## Short descriptive text snippets

Content starts

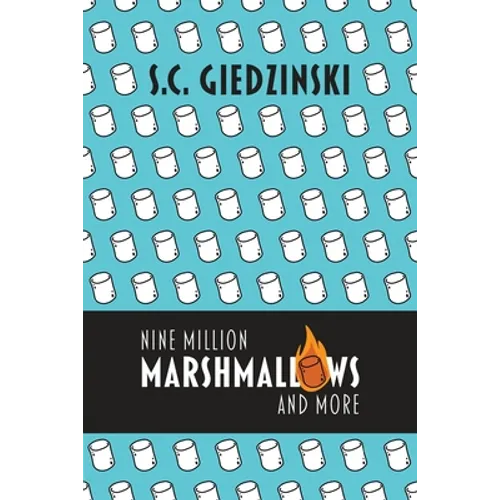 Nine Million Marshmallows and More: Short Stories - Paperback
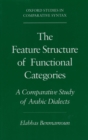 The Feature Structure of Functional Categories : A Comparative Study of Arabic Dialects - eBook
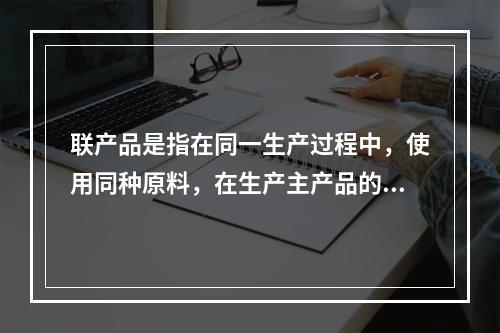 联产品是指在同一生产过程中，使用同种原料，在生产主产品的同时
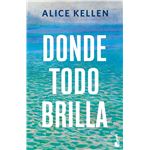 Donde Todo Brilla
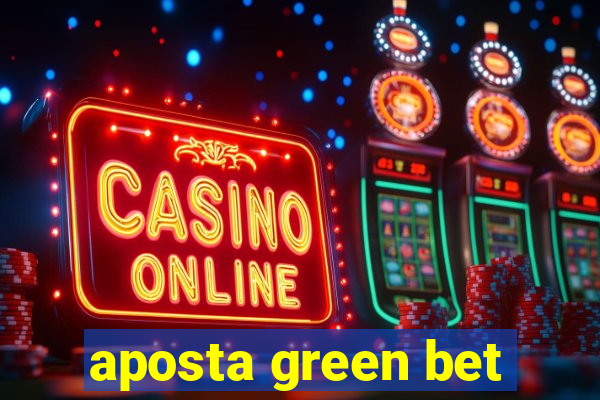 aposta green bet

Content ends

## What the task asks
The records must be copied with no word altered, and without their pictures.

## Result of the exercise
 Nine Million Marshmallows and More: Short Stories - Paperback
 The Feature Structure of Functional Categories : A Comparative Study of Arabic Dialects - eBook
 联产品是指在同一生产过程中，使用同种原料，在生产主产品的同时
 Donde Todo Brilla
 aposta green bet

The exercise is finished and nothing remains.